What is expected: Once you reach the line with "Smooth Leaf Spinach Nevada F1" below, copy each line exactly, stopping after the line with "Kynurenine Pathway", and skip any pictures.

(Records contained in a dataset)
"""
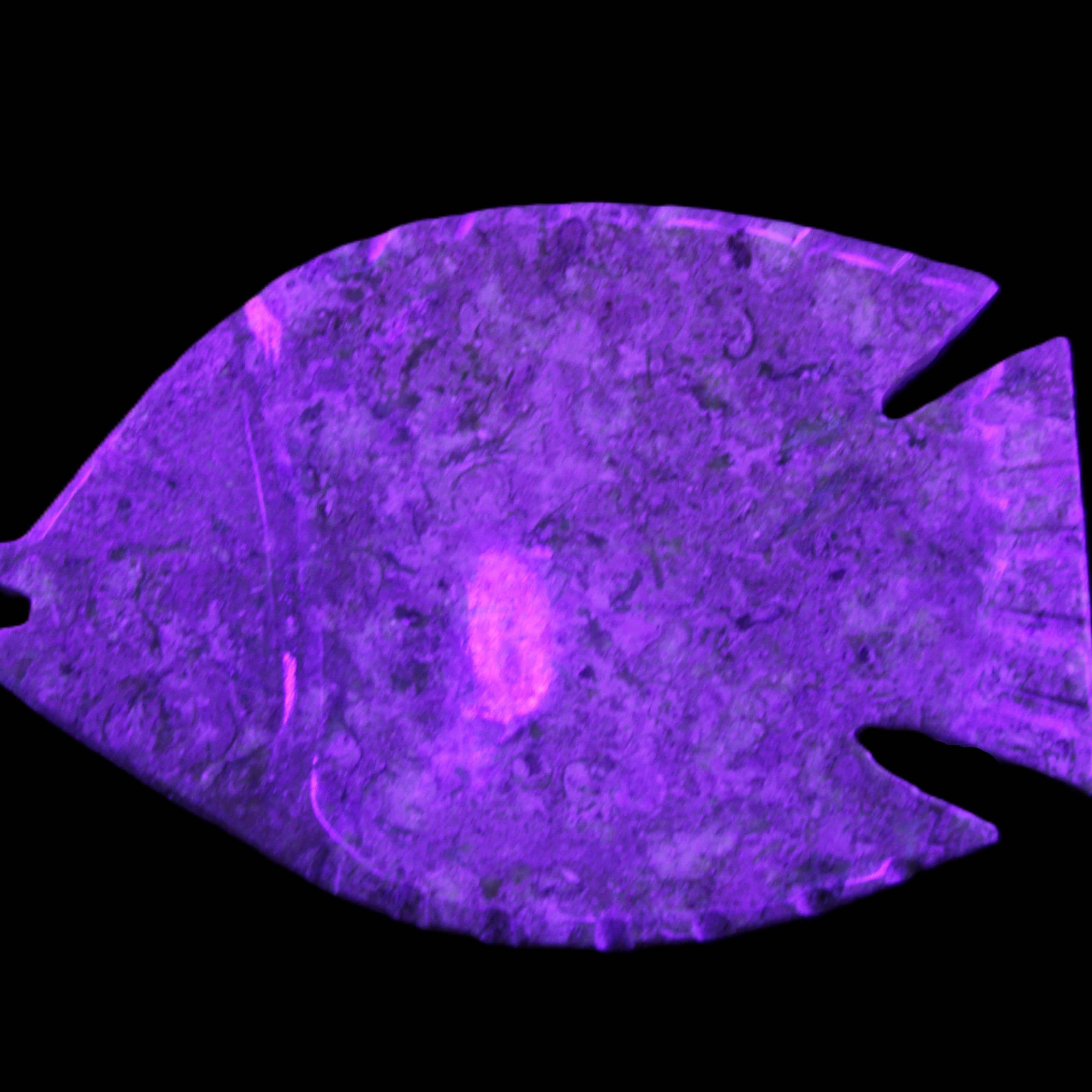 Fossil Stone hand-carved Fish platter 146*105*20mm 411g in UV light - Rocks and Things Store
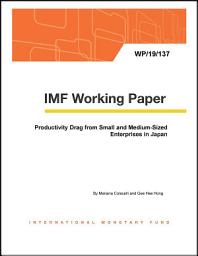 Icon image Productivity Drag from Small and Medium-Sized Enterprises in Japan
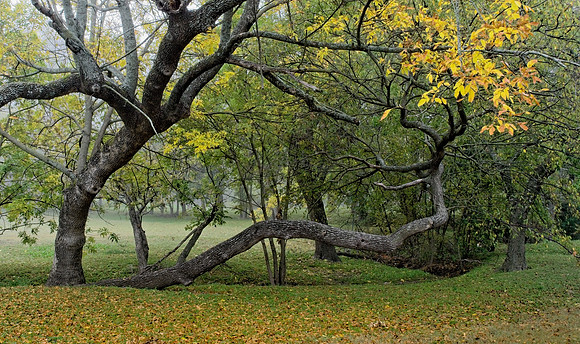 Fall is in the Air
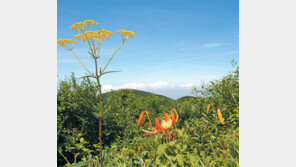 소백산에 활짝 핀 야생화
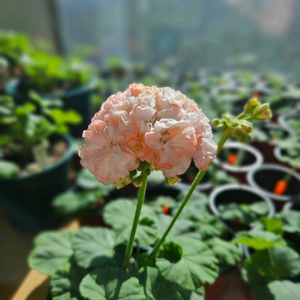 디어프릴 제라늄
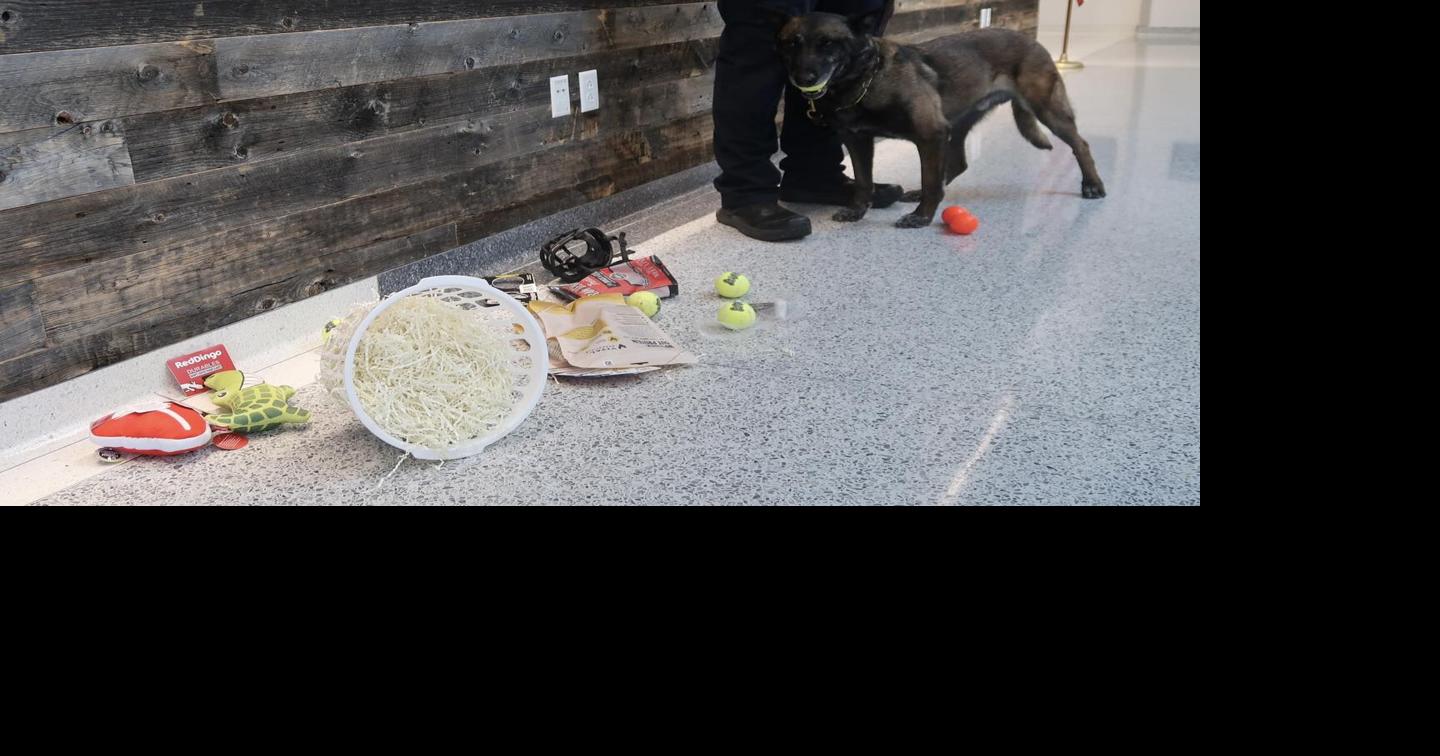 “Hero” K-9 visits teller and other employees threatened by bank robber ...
"""
"""
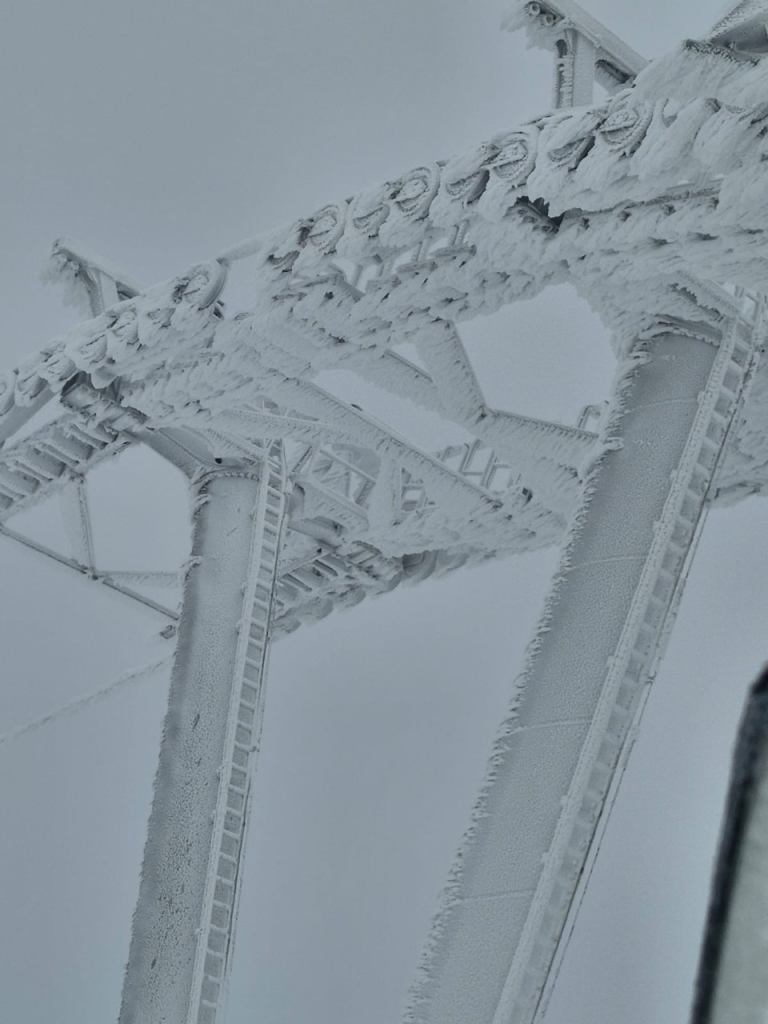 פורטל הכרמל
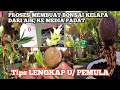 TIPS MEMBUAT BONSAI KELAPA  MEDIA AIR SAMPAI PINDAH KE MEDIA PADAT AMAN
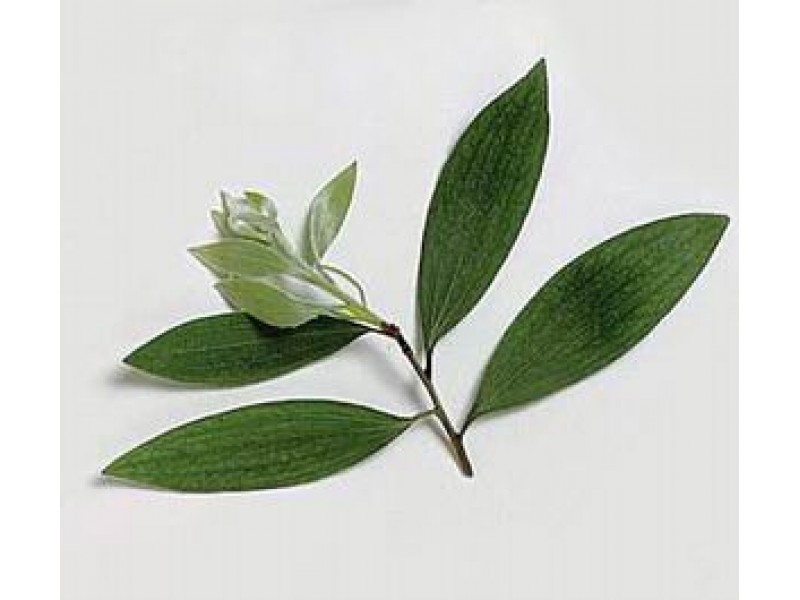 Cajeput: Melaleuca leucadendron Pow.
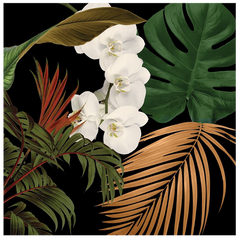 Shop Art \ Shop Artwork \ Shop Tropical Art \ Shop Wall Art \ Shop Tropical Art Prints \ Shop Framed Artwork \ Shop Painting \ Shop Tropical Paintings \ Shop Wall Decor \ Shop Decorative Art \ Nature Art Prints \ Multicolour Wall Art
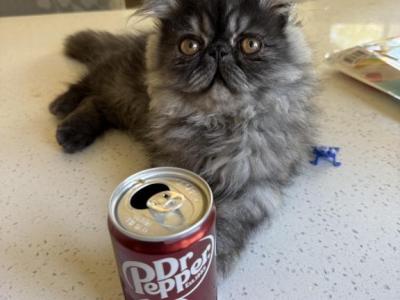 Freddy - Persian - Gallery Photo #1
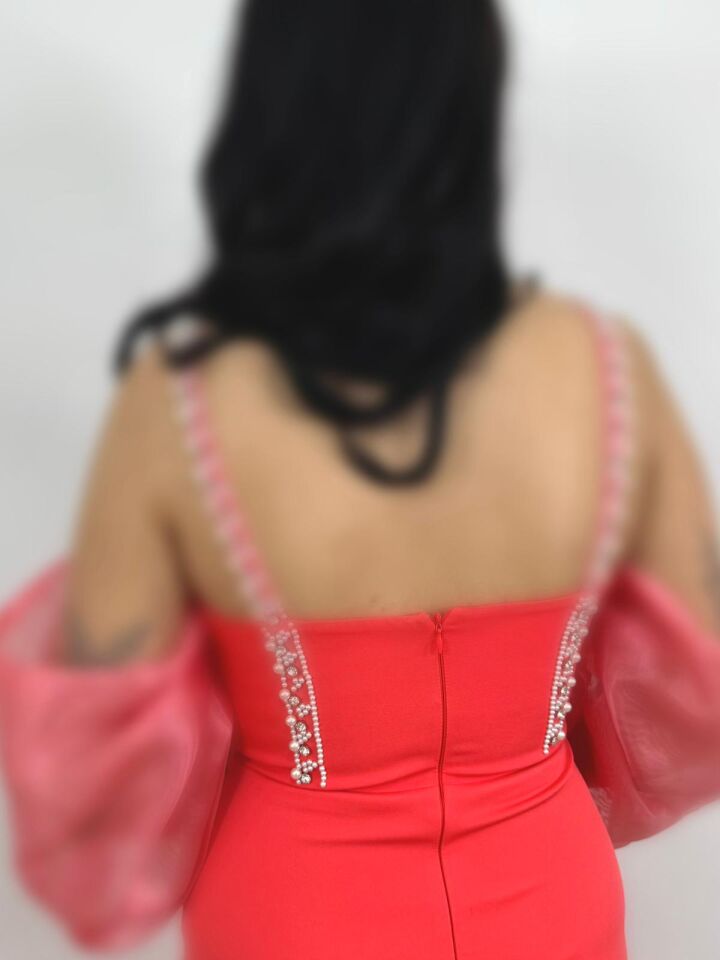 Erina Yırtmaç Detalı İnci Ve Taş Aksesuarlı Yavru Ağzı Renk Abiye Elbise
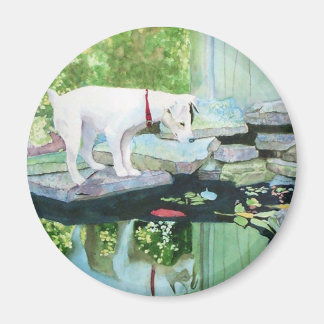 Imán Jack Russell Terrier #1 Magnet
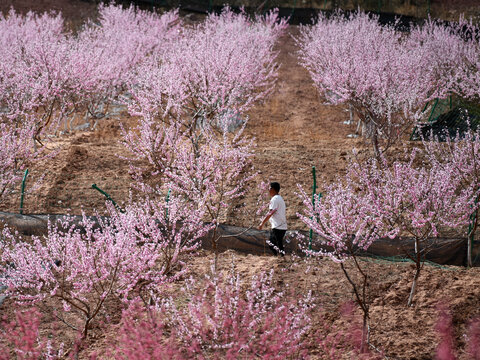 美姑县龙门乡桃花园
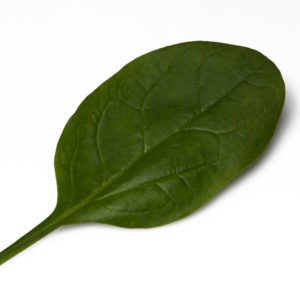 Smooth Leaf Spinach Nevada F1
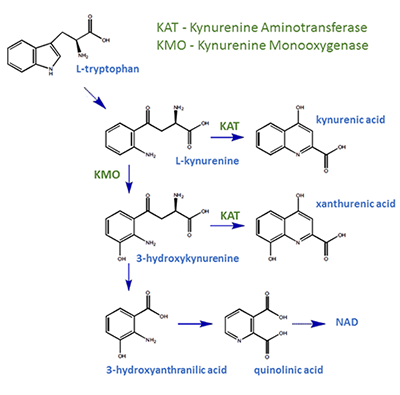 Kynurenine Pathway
"""
Your response:
 Smooth Leaf Spinach Nevada F1
 Kynurenine Pathway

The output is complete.